The brutality that I read God capable and responsible for was very much a problem for me. If my faith was in the Bible and its inerrancy than I had to revise my unconditionally loving God to being a complete psychopath. If I wanted to keep my belief in an unconditionally loving God, I had to change my beliefs about the Bible. I could no longer hold room for an unconditionally loving God AND an inerrant Bible. I ultimately kept my unconditionally loving God and concluded that the Bible is a collection of writings, possibly divinely inspired, but more likely, man’s attempt to document his experiences with God. At times, it was man projecting his anger, resentment, prejudice and privilege upon God. At others, it was man projecting his love, joy, peace and humility on God. It all sounds pretty human to me.
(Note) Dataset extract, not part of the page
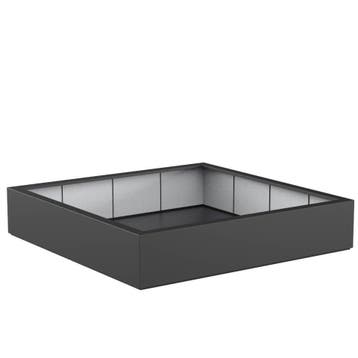 Polyester plantenbak 200x200x40cm - Met bodem, Kunststof, 100 cm of meer, Vierkant, Nieuw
The deconstruction of my religion was and is terrifying. It’s lonely. I no longer fit into Christianity, but I’m not an atheist or agnostic. I have not found a new religion and I’m not looking for one. I desire to be in a place of no religion because religion harmed me and all around me I see how it has and is harming others. I don’t think it has to be that way and I’m still looking for my place in this world. God help me.

One thought on “Losing My Religion”

  1. Please don’t give up. I understand so well your position. You are precisely the kind of person I am trying to reach with my book. There is life after “Christianity” as a genuine disciple of Christ. The visible church is mostly the false church. But there is a “New Diaspora” of genuine disciples who do not fit into the system. Neither should they! Christ didn’t come to start a religion but to gather a people. That is the ekklesia, which is not the same as the visible church. One can be in the ekklesia without being under the tin-pot authority of some heavy-shepherding pastor, especially these days of the apostate church. Blessings to you from me.